This weekend things have escalated. He is no longer interesting in the multitude of things we have on the first floor. No. He dragged this blanket off of Olivia's bed, which is on the 2nd floor. You better believe he humped it all the way too. This is not how I envisioned teaching my kids about sexual reproduction.
At the very least I expected to have bananas, condoms, and enough pamphlets to scare the shit out of them. But now that Lenny carries large blankets around and straddles them making a horribly disgusting noise, Olivia is asking questions. And frankly? I have no idea what to say.

So we had this conversation:

Me: You remember in the Princess and the Frog when Ray the lightbug really loved Evangeline because he thought she was a lightbug too but she was really only a star?

Olivia: Yeah.

Me: Well this is the same thing. Lenny thinks these things are boy kitties. Your blanket is Lenny's true love.

Olivia: But he has Rosie. She likes boys.

Me: Well...um... Lenny doesn't really like girls. He likes boys. It's hard to explain.

Olivia: It's yucky.

Me: It's not yucky. He loves your blankie.

So hi- can you tell I'm not ready to deal with this? Yeah. It's not good. But yesterday...things really stepped up a notch. Rosie...is in heat.

Now I have NEVER in all of my life had a female cat. I've heard of this, but have never had to deal with it. We are on day two of her really loud weird purring and I'm about ready to stick a pen up her ass to see if that gets her to shut up.

THIS is the torture they should be using in Guantanamo Bay. THIS is going to turn me into an alcholic. Or a pill popper. SOMETHING.

And Rosie, going with her instincts, is slutting it up to Lenny. She's shaking her ass in his face. She sat on his face. She's licking his ass. She's practically throwing herself at him. I mean, as a woman, these are all fine things to do. But Lenny's gay. No amount of cleavage or ass shaking is going to change this.

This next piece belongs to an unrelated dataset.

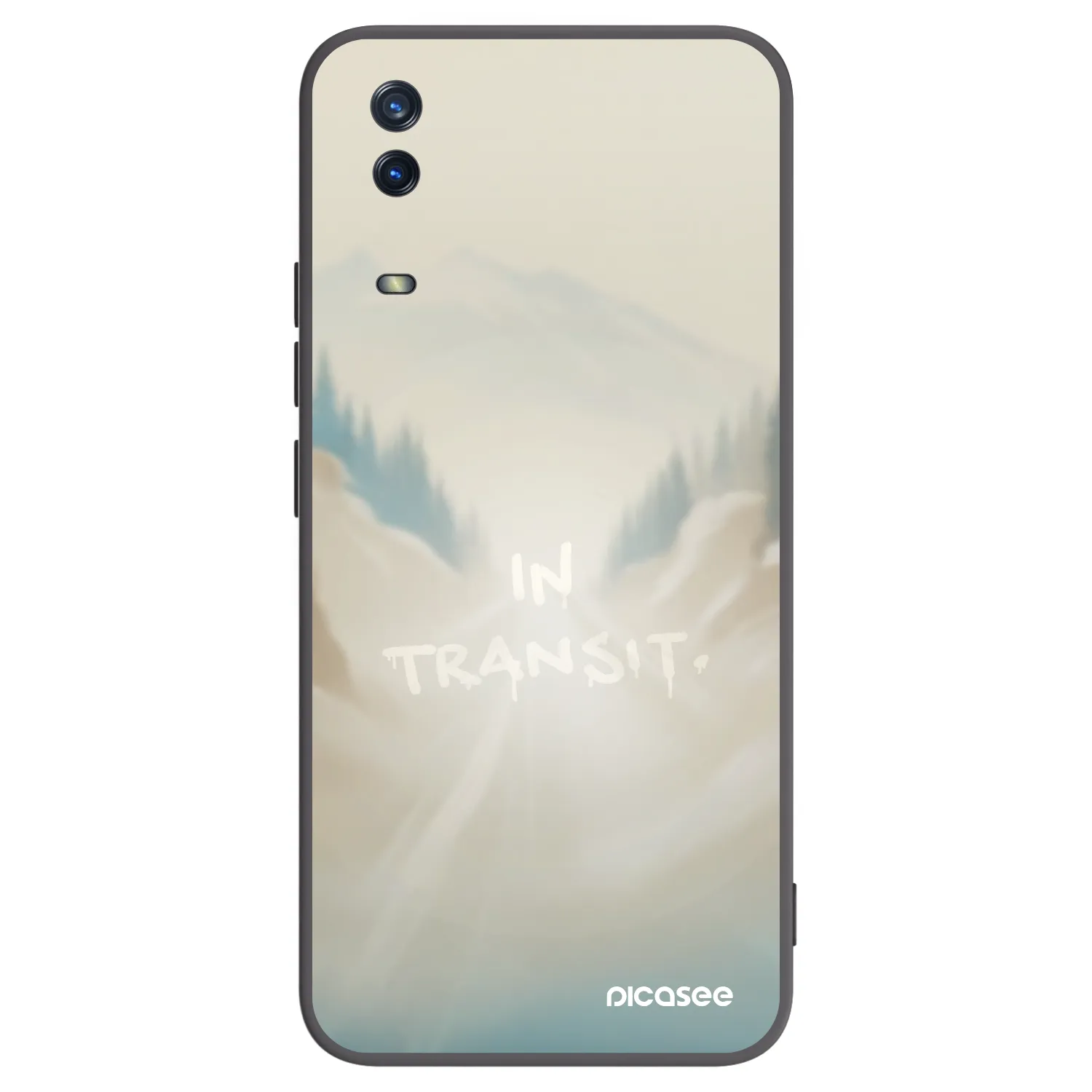 Picasee crna silikonska maskica za Vivo Y11s - IN TRANSIT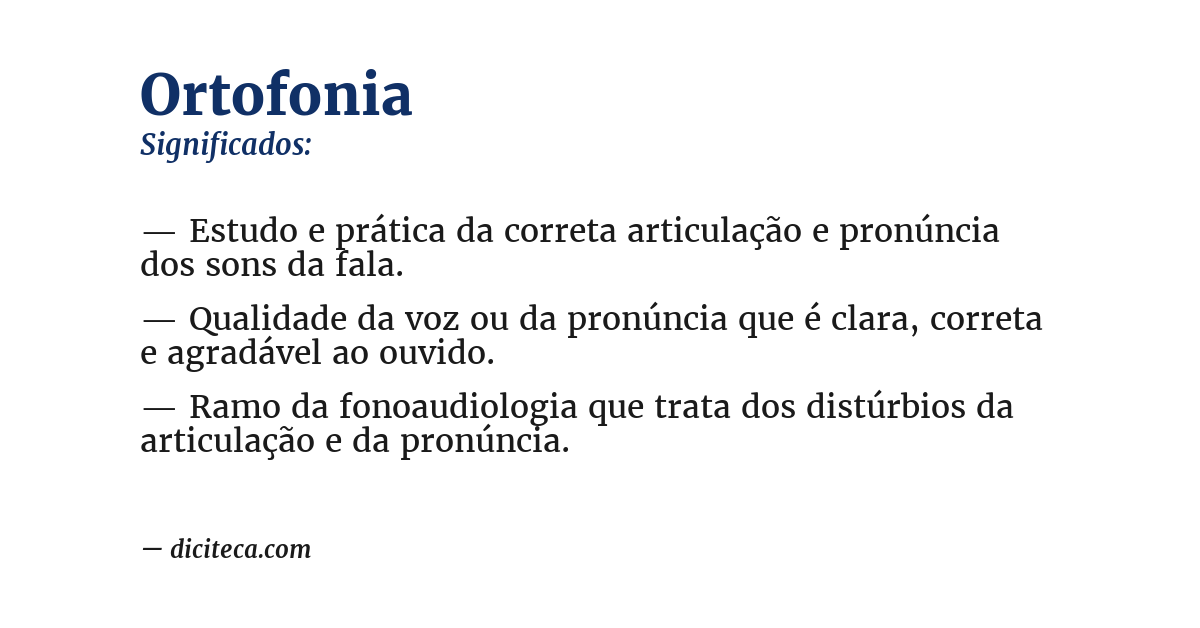 Significado de ortofonia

I asked Matt how badly we needed lights and water because I'm willing to not pay the utilities this month to get her spaded or whatever. Things are that bad. I mean I just cannot take any more of this. It's so loud. And again, as a woman who also is in heat and getting none, I can sympathize with her plight.

Which is why they should make kitty vibrators. I'm sure I could make Matt help the cat out a bit. The cats he grew up with were all whores and he tells me this could last two months. TWO.FUCKING.MONTHS.PEOPLE. No good.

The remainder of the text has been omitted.